_Task directions_
Whenever a line below includes the string "table", show it.

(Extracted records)
----------
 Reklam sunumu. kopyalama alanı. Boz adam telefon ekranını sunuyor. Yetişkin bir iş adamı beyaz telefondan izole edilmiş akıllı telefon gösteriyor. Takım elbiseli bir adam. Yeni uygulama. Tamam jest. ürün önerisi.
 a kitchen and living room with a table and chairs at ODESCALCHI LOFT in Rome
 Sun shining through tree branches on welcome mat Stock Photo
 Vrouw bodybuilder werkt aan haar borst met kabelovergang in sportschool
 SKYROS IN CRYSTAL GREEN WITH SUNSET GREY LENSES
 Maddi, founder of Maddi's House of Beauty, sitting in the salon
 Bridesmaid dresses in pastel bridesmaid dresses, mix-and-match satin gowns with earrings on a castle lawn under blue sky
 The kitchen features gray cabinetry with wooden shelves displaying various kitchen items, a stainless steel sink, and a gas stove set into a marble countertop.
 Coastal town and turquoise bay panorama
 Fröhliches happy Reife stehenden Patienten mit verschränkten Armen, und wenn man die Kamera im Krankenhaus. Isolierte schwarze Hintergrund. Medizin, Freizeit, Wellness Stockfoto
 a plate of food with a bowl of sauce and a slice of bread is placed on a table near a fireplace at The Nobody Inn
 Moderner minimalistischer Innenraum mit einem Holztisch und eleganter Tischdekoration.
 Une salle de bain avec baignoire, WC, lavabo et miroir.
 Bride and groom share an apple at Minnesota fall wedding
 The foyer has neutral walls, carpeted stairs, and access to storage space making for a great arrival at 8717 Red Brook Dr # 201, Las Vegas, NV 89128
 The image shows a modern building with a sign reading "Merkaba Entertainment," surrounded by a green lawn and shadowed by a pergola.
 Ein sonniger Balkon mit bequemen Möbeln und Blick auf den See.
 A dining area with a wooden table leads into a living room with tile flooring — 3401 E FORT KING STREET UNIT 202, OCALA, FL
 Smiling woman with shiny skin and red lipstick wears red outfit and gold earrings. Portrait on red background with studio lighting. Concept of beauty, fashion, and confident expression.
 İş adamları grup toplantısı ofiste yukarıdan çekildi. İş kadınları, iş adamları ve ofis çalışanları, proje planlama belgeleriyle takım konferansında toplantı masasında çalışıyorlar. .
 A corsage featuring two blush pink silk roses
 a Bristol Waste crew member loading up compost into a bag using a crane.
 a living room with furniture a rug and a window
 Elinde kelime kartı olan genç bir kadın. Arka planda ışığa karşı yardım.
----------
_Answer box_
 a kitchen and living room with a table and chairs at ODESCALCHI LOFT in Rome
 a plate of food with a bowl of sauce and a slice of bread is placed on a table near a fireplace at The Nobody Inn
 A dining area with a wooden table leads into a living room with tile flooring — 3401 E FORT KING STREET UNIT 202, OCALA, FL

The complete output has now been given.